戦時中の上海を知る生き証人として、平成以降もメディアに登場していた。2001年には90歳目前にして『上海ラプソディー -伝説の舞姫マヌエラ自伝-』を出版、’02年には『徹子の部屋』にも出演する。自身と同じく芸能界を生き抜いてきた黒柳徹子さんと上海での思い出や、晩年になって日本舞踊を習い始めたという矍鑠(かくしゃく)ぶりで話に花を咲かせていた。
‘07年9月18日、95歳で永眠。夫の和田忠七とともに多磨霊園に眠っている。最晩年は雑誌『編集会議』(2001年8月号)のインタビューで人生を振り返ってこう答えていた。

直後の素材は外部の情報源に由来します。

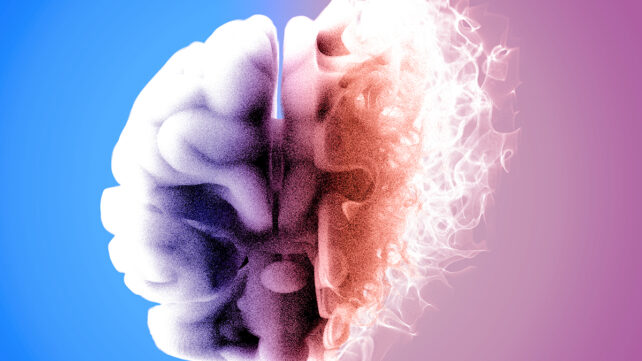 Fading brain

「私は『I try my best』で生きてきましたからね。お天気は、いつまでも雨が続くわけじゃない。一番どん底にいても、太陽が燦々と照るときがくる。それが私の信条です。踊っていれば、必ず救われてきました。後悔することがない、本当に幸せな人生でしたね」
異国でダンサーとして身を立てて戦争を生き抜き、晩年もポジティブに後悔しない人生を送った。生涯を通じて放たれた強いエネルギーは、現代日本人にとっても鮮烈に映っている。